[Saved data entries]
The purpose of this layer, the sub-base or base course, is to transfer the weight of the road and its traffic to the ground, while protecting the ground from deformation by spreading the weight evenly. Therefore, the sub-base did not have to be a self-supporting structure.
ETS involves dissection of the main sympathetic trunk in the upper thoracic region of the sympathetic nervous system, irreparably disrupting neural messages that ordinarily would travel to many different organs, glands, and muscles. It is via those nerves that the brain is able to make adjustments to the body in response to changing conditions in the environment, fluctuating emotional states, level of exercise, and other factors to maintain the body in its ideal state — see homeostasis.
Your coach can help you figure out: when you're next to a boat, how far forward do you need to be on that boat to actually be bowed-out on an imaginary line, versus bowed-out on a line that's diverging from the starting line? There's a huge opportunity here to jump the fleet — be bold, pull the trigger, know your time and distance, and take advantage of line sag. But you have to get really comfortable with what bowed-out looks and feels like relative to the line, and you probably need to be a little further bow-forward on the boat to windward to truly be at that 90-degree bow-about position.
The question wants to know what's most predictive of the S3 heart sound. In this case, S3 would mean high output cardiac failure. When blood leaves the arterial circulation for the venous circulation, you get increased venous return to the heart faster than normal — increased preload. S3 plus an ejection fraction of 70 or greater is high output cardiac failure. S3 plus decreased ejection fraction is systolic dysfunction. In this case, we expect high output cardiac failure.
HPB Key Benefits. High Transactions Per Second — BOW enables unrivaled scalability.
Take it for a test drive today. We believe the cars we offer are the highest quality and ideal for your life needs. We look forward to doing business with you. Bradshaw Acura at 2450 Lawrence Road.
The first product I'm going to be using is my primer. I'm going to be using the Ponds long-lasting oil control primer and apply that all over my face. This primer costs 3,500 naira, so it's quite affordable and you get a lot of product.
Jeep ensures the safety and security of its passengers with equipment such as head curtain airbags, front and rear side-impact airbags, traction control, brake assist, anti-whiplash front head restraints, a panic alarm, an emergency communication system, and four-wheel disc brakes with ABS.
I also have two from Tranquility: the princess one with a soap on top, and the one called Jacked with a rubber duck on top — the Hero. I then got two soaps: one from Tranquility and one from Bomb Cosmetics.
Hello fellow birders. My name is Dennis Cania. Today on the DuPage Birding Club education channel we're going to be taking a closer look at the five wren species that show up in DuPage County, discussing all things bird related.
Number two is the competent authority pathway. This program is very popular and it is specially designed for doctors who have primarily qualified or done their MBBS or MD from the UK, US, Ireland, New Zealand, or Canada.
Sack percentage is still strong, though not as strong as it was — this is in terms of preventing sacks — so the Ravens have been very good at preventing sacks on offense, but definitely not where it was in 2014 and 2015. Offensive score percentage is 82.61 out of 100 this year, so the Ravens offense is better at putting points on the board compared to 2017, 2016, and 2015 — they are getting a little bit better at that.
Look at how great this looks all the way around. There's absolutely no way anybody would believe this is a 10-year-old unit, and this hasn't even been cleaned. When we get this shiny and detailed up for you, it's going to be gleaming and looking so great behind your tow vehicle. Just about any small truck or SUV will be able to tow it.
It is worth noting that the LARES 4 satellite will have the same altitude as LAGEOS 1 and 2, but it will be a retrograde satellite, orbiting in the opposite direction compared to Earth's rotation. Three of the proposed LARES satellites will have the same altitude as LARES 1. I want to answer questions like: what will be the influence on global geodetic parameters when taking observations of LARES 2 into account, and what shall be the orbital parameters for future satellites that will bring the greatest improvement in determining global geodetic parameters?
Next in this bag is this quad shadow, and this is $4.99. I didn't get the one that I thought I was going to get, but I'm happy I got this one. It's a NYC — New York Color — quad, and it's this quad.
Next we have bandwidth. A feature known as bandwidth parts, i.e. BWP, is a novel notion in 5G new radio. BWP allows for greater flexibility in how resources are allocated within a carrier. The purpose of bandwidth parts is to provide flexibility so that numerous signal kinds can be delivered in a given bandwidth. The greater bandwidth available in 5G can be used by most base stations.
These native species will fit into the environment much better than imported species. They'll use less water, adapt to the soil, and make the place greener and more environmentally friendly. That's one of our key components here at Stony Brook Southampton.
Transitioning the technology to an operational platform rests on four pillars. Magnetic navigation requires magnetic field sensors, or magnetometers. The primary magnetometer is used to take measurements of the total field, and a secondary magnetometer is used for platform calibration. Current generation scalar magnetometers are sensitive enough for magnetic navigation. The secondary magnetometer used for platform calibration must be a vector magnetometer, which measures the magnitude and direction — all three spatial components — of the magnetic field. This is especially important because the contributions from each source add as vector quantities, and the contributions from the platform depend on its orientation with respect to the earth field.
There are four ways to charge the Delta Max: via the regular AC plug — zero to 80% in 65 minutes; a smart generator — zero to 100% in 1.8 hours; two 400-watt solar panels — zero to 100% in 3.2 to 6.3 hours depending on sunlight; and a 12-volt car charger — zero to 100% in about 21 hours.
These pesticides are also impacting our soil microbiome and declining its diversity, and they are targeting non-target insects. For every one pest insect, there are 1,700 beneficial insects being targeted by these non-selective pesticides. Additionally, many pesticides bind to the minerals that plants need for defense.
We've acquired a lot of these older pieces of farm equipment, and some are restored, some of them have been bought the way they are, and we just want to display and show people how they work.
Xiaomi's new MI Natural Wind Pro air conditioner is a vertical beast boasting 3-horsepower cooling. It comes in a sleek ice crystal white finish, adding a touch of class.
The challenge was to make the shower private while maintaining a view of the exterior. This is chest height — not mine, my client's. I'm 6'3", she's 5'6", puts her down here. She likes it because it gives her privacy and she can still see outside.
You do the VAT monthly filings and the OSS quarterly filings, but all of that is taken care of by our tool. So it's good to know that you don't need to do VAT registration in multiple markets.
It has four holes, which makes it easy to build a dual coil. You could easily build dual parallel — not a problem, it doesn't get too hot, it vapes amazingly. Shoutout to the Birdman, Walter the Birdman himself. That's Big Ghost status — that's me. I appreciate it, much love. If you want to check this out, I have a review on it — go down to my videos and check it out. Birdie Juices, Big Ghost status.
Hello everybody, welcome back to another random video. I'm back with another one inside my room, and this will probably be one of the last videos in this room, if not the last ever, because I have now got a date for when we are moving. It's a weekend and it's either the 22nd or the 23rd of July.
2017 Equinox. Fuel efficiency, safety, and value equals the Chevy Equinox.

### Problem statement
Only the lines above starting at the line that holds "Take it for" and ending at the line that holds "The first product" are to be repeated, exactly and in full.

### Answer space
Take it for a test drive today. We believe the cars we offer are the highest quality and ideal for your life needs. We look forward to doing business with you. Bradshaw Acura at 2450 Lawrence Road.
The first product I'm going to be using is my primer. I'm going to be using the Ponds long-lasting oil control primer and apply that all over my face. This primer costs 3,500 naira, so it's quite affordable and you get a lot of product.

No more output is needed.